The news that the western ice sheets of Antarctica now appear to be headed for irreversible melting was bad enough. Additional data coming in suggests matters may be even more serious.
The BBC reports on the latest ice measurements from ESA's Cryosat.
Antarctica is now losing about 160 billion tonnes of ice a year to the ocean - twice as much as when the continent was last surveyed.
The new assessment comes from Europe's Cryosat spacecraft, which has a radar instrument specifically designed to measure the shape of the ice sheet.
The melt loss from the White Continent is sufficient to push up global sea levels by around 0.43mm per year.
Scientists report the data in the journal Geophysical Research Letters.
The new study incorporates three years of measurements from 2010 to 2013, and updates a synthesis of observations made by other satellites over the period 2005 to 2010.
Meanwhile, the Greenland Ice Sheet may be more susceptible to melt than previously thought. Previous understanding of the Greenland ice cap pictured it roughly as a mass of ice sitting on top of a flat land mass.
Scientific American picks up on new findings that such is not the case.
Many older models of Greenland assumed that its massive ice sheet sat on bedrock that was relatively flat, even though scientists did not know the full thickness of the ice.

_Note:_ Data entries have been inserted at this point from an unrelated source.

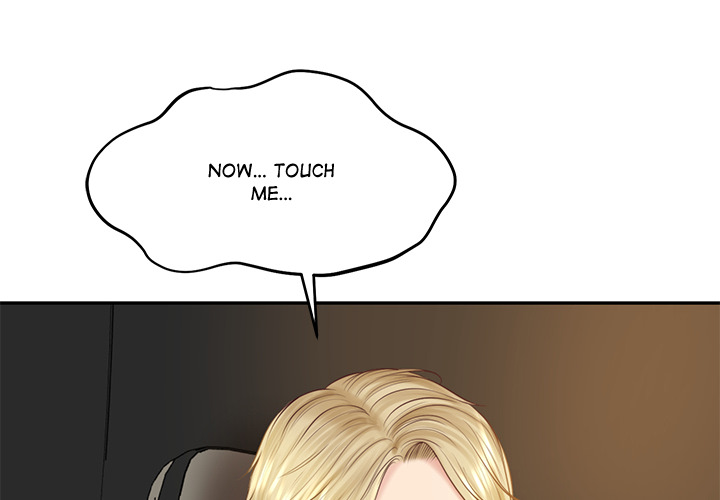 Extremely Rich Family - episode 78 - 3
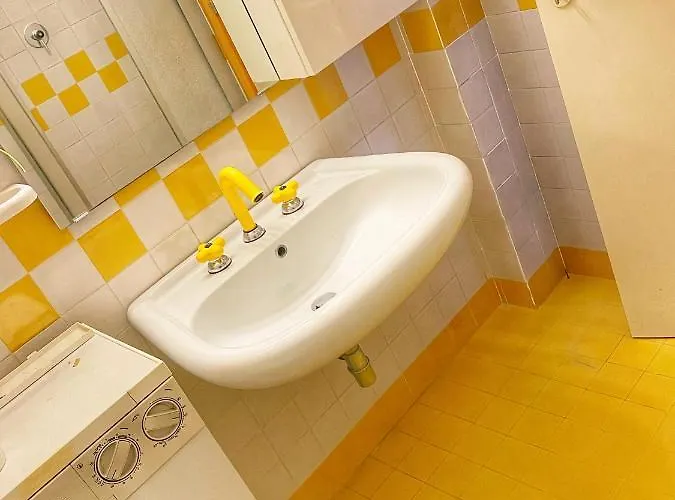 Summer House - Fronte Mare *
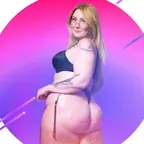 VIP 👑 Gracie thee PAWG 🍑 avatar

There also was an assumption that many melting glaciers on the ice sheet's periphery eventually would retreat to higher ground on this flat bedrock, cutting off contact with warm ocean waters and slowing down the ice sheet's shedding.
The discovery of the valleys—which stretch more than 100 kilometers (62.1 miles) into Greenland's interior in some cases—suggests instead that some of Greenland's most vulnerable outlet glaciers will just keep retreating and retreating along deep canyons. About 100 of the valleys sit far below sea level and are attached to glaciers on Greenland's periphery that already are shedding ice, like Jakobshavn Isbræ glacier, said Morlighem.
That means that as these glaciers retreat, their fronts will remain in contact with warm ocean water that melts ice, rather than hitting higher ground anytime soon. "As long as the vertical face of the glaciers remains in contact with the ocean, they are vulnerable," said Morlighem*.
*
Mathieu Morlighem, associate project scientist at the University of California, Irvine
Between Antarctica and Greenland, this means models of sea level rise as the ice melts will have to be revised. (Too bad, North Carolina.)
Climate Change - it's not simply a matter of everything just getting hotter from global warming. It's all kinds of systems interacting in ways we are only starting to get a handle on. Scientific American has a slide show of how warming is affecting the world in particular locales, like Russia and Canada.
Those insights come from a study by Zhaohua Wu, an assistant professor of meteorology at Florida State University, published in Nature Climate Change. Wu and a team of fellow meteorologists analyzed worldwide temperature data in unprecedented detail, comparing the readings every decade since 1950 against levels in 1901.
Slideshow here. The captions under the slides explain the changes. It's not just the arctic regions that are heating.
Interesting times ahead. We may yet have the small satisfaction of telling today's Climate Change denialistas "We told you so" while they are still around to hear it.